Find the lines in these entries that include the word "Model" and state how many there are, with no other words.

Caption-style text data
########################################

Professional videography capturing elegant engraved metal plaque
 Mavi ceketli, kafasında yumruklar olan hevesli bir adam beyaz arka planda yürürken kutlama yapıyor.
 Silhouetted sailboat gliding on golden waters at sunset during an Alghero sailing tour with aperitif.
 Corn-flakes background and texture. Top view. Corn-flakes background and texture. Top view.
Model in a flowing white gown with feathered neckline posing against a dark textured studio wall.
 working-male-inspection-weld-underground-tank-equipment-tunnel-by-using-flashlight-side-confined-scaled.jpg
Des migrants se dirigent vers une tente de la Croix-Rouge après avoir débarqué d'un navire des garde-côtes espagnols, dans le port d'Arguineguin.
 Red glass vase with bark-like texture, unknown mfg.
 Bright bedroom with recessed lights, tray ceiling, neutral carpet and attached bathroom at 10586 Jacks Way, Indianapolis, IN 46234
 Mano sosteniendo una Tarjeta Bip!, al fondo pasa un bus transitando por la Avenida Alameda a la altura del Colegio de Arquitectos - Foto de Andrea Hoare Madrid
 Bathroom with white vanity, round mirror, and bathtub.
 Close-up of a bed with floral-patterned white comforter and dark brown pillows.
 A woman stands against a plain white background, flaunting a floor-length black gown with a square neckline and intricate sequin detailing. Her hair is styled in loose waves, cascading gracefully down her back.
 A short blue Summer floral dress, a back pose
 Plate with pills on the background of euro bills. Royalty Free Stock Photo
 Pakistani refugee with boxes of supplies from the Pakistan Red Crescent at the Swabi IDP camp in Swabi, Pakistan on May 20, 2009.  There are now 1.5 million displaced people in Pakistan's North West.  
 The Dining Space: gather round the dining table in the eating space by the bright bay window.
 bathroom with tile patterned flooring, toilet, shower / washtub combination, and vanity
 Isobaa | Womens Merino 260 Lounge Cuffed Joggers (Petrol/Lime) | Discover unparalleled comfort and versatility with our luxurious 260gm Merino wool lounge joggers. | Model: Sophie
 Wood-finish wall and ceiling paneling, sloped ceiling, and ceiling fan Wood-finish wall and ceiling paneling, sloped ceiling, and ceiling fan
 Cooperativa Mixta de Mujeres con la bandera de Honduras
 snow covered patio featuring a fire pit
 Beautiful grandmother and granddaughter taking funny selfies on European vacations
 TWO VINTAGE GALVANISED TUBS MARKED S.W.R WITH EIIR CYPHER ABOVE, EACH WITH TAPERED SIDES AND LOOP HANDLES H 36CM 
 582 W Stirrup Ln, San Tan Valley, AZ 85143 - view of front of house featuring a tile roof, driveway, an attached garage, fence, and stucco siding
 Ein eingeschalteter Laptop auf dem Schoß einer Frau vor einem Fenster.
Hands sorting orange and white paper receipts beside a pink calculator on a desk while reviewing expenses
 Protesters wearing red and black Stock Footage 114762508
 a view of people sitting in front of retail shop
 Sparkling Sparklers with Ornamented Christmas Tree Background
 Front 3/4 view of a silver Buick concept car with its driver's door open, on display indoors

########################################

THE ANSWER: 2